Ils étaient sept, ce qui en langage biblique est synonyme de ‘totalité’, ‘plénitude’, ‘perfection’… Et pourtant nous connaissons bien leurs défauts, leurs doutes et ou les peurs qui les envahissaient durant les années noires, peurs qu’ils partageaient avec leurs voisins, alors que même certains imans se faisaient assassinés pour leurs paroles de tolérance et de paix… Mais ensemble ils ont réussi à gravir le sommet de l’Atlas. En ‘’Communauté’’, ils nous ont montré la vérité évangélique la plus précieuse, « il n’y a pas de plus grand amour que de donner sa vie pour ses amis ».

Donner sa vie
Chaque frère l’a exprimé à sa manière : Frère Luc, écrira : « … La mort… ce serait un témoignage rendu à l’Absolu de Dieu !… ». Frère Christian : « … Donner sa vie par amour pour Dieu, à l’avance, sans condition, c’est ce que nous avons fait… ou du moins ce que nous avons cru faire. Nous n’avons pas demandé alors ni pour quoi, ni comment.  Nous nous en remettions à Dieu de l’emploi de ce don, de sa destination jour après jour, jusqu’à l’ultime   […] Nous voici ramenés au témoignage de Jésus… ».  Frère Christophe : « …la raison communautaire qui fait rester, c’est quelqu’un, Jésus-Christ, qui se tient au milieu de la communauté et dont chaque frère est le disciple… ». Frère Michel : « … J’ai prié toute la matinée en faisant la cuisine. « Allons ! Mourrons avec lui ! »… le disciple n’est pas plus haut que son maître […] Ce n’est pas le moment pour moi de m’éloigner… ».Frère Célestin : « … Partir ? Je voyais cela comme impossible pour l’Église, pour le voisinage…Ce serait insupportable de savoir qu’on a évité le coup qui frappait les autres… ». Frère Bruno : « … Je remercie le Seigneur d’être ici et en cet état de vie. C’est simple, caché, comme le grain enfoui dans le sol, qui germera en son temps… mais tout enfantement a ses douleurs. ». Frère Paul : « …  Cette mort nous savons qu’elle a été vaincue en Jésus-Christ et nous savons comment. C’est en donnant sa vie qu’il lui a fait perdre son pouvoir. C’est dans l’amour que se manifeste sa toute –puissance, c’est dans cet amour que se trouve l’avenir de l’homme…Pourtant je crois que la Bonne Nouvelle est semée, le grain germe […]. L’Esprit est à l’œuvre, il travaille en profondeur dans le cœur des hommes. Soyons disponibles pour qu’il puisse agir en nous par la prière et la présence aimante à tous nos frères… ».

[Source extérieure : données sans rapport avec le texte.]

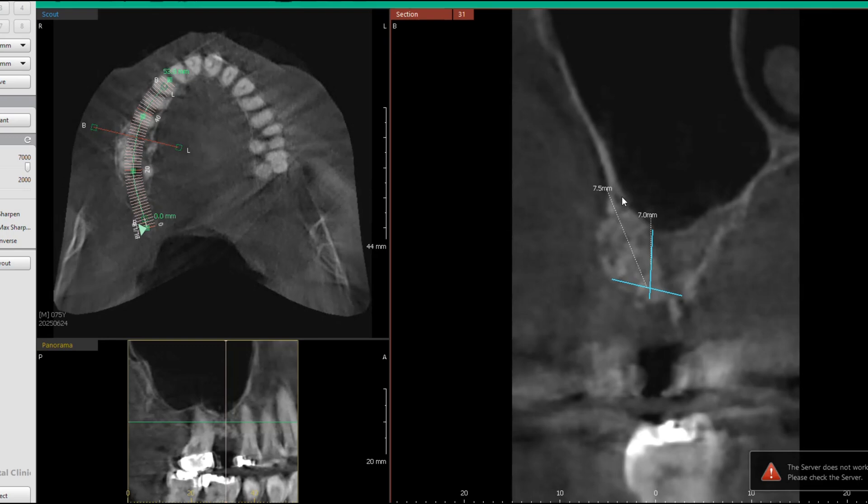This outer edge right here is what we call the buccal side. I had already made an incision on the gums and lifted up the gums on both sides. That allowed me to lift the gum a little higher and easily access this area to create a window so I could go ahead and lift up the Schneiderian membrane. Let me show you an animation of what that looks like.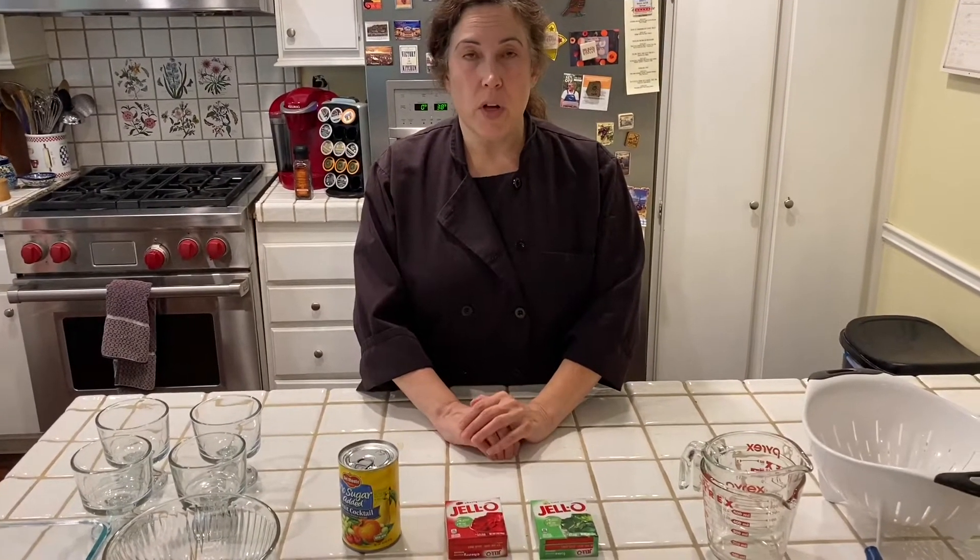We're going to be making Jell-O with fruit cocktail in it. It's very simple, but it's fun to make and it's really fun to eat. Let me show you what you're going to need to make that.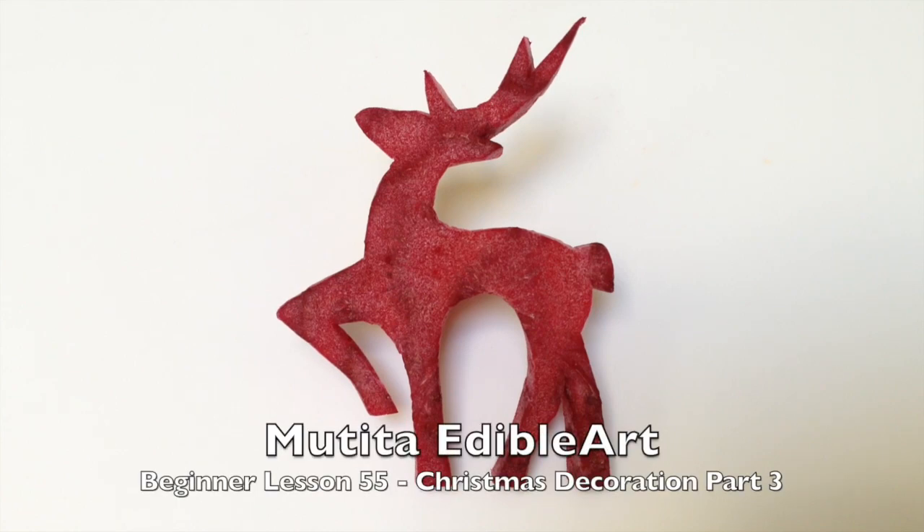Swat dee kha. Welcome to beginner lesson 55, Christmas Decoration Part 3.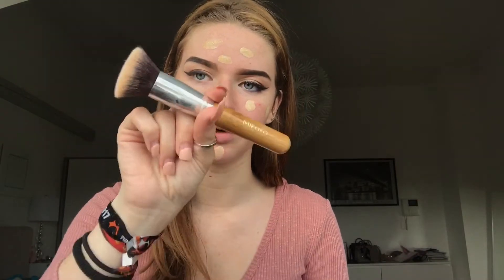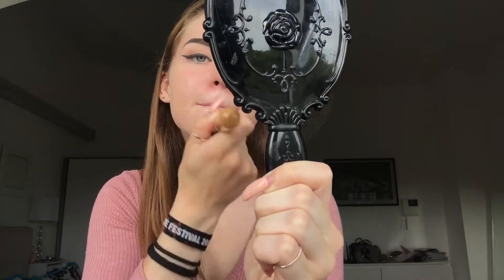I'll pat that all over my face. Since I'm running a little low on product, instead of a beauty blender I'm going to use this random Miyoko brush that I have and just use that to blend it out.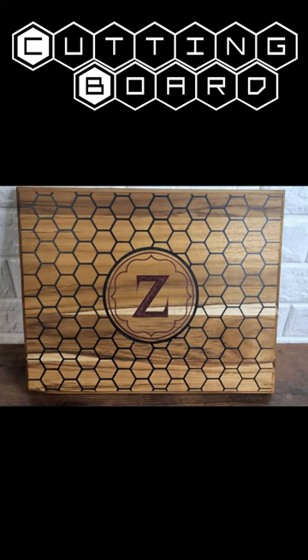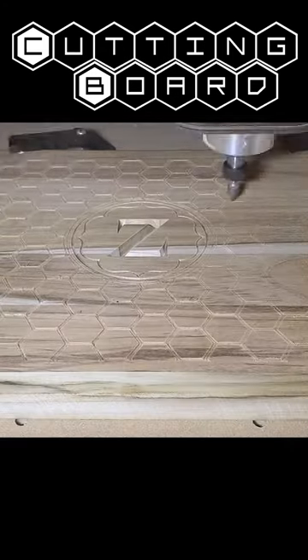Here's how I made a cutting board in about 30 seconds. First step was to cut out the design using the CNC router.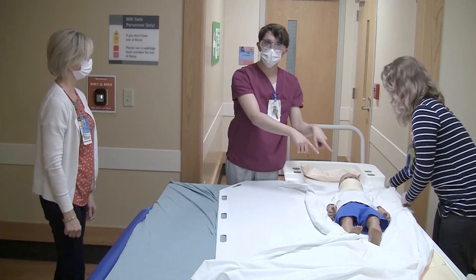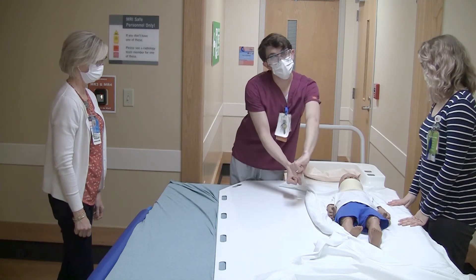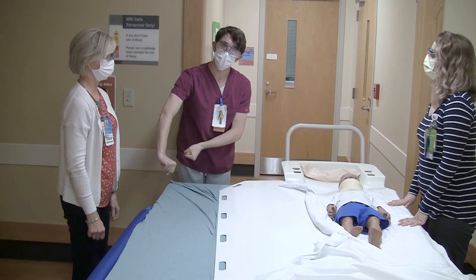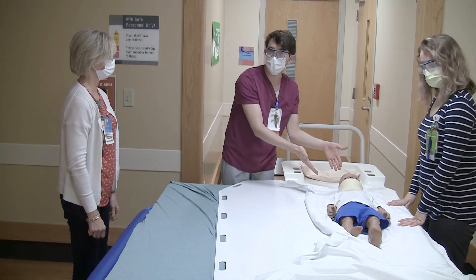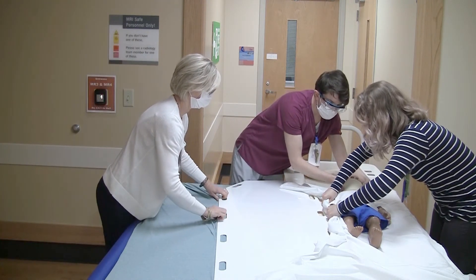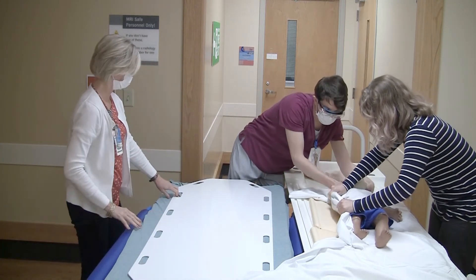Once the patient is over to the other side, Diane and Jordan are going to reverse. Jordan will grab the sheet and lift the patient while Diane pulls the slider board out. Remember, since the patient has a C-collar I will be there the entire time. Once again on the count of three. One, two, three. All right, and gently back down.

Tibhirine : près de soixante ans de présence silencieuse et laborieuse, avant de devenir ce haut-lieu de l’histoire de l’Eglise du XXIe siècle. Soixante années rythmées par la prière en communauté, sept fois par jour à la chapelle, prière entrecoupée par le travail des champs, des services communautaires dans le cadre d’une vie monastique trappiste.

Un lieu de présence
Bien humblement, en faisant ce choix radical en 2014 de venir ici j’ai pris la mesure du poids de cet héritage. Je ne suis pas moine, je ne copie pas totalement ce mode de vie et de prière, même si je cherche à m’en approcher, mais je dois dire que ma vie presque ma chair sont marquées par ce lieu de façon définitive. Il n’est pas de jour où est évoqué le « temps des moines », leur manière de faire, la haute estime de la population, des visiteurs, des ouvriers et des familiers du monastère. La mémoire, ici, est incontournable et toute présence communautaire dans le futur devra en tenir compte.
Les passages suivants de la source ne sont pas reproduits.